- Exercise material
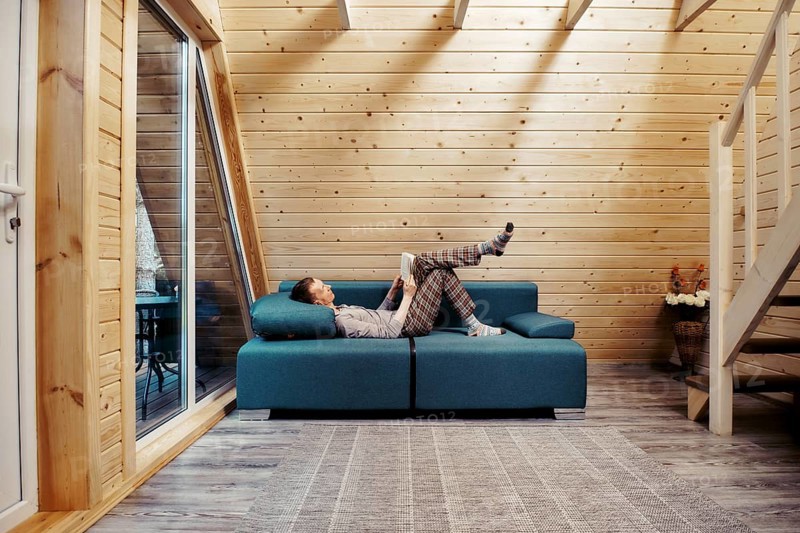 Middle aged man relaxing with book on sofa at chalet. Man in checkered trousers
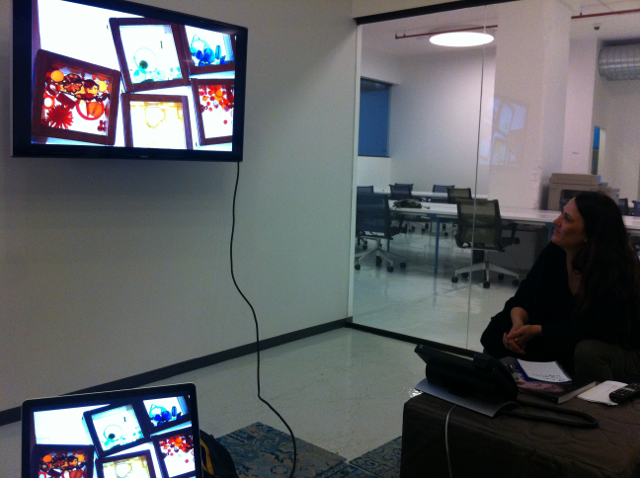 Elisha views the slideshow we are preparing for our presentation at the annual Face to Face conference for arts educators, which will be happening a few days later at City College.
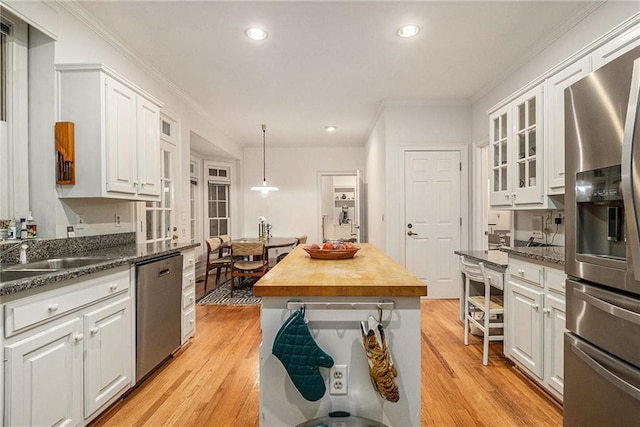 80 Stratford Pl NE, Atlanta, GA 30342 - kitchen featuring appliances with stainless steel finishes, white cabinets, ornamental molding, light wood-style flooring, and recessed lighting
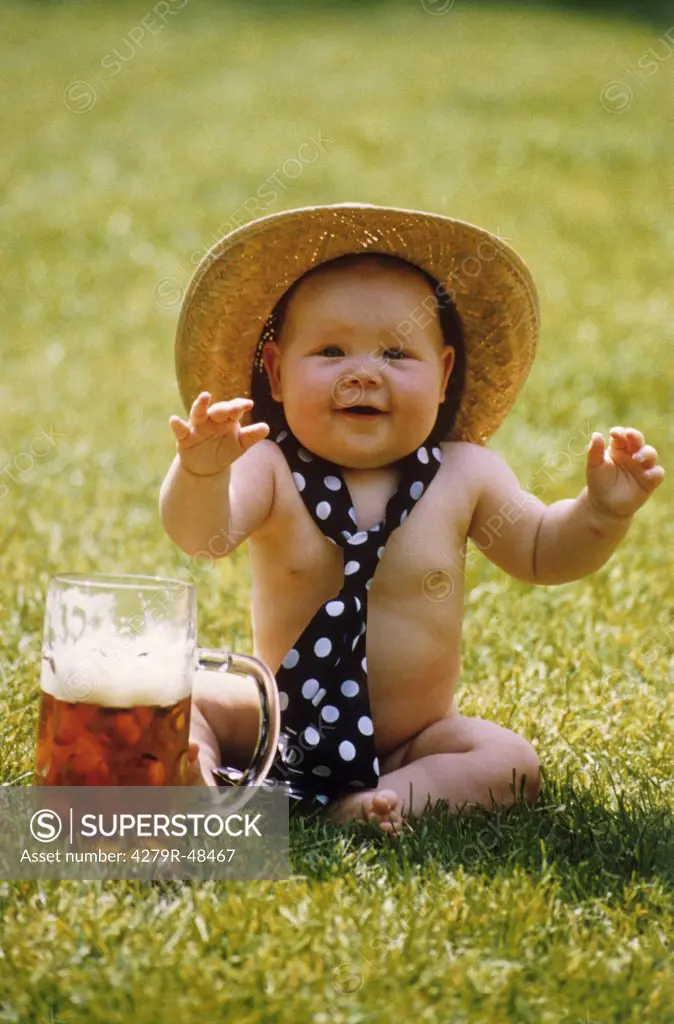 baby with hat and tie next to beer mug - naked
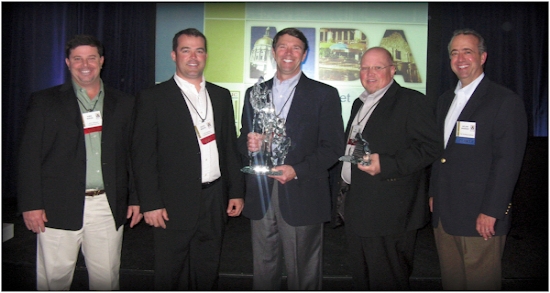 ACCEPTING THE AWARD AND ARTISAN CRYSTAL SCULPTURE FROM A. R. CHESSON CONSTRUCTION COMPANY, INC. ARE (LEFT TO RIGHT) KIRK NIXON, ZACK MIXON, AL CHESSON, AND ED POWELL ALONG WITH DELVIN WARNER, PRESIDENT OF METALLIC BUILDING COMPANY.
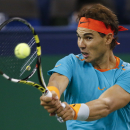 Rafael Nadal of Spain returns a shot to Feliciano Lopez of Spain during their men's singles second round match at the Shanghai Masters Tennis Tournament in Shanghai, China, Wednesday, Oct. 8, 2014. (AP Photo/Vincent Thian)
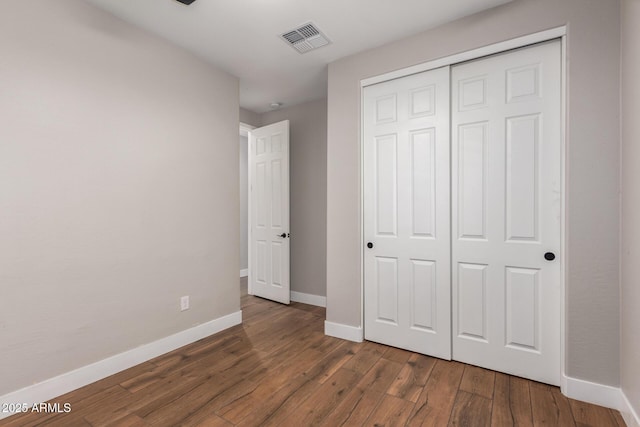 40470 W Agave Rd, Maricopa, AZ 85138 - unfurnished bedroom featuring baseboards, wood finished floors, and a closet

- What to do
Every line from the one containing "Rafael Nadal of" through the last line of the data, both included, is to be repeated exactly; the pictures are to be left out.

- Completed task
 Rafael Nadal of Spain returns a shot to Feliciano Lopez of Spain during their men's singles second round match at the Shanghai Masters Tennis Tournament in Shanghai, China, Wednesday, Oct. 8, 2014. (AP Photo/Vincent Thian)
 40470 W Agave Rd, Maricopa, AZ 85138 - unfurnished bedroom featuring baseboards, wood finished floors, and a closet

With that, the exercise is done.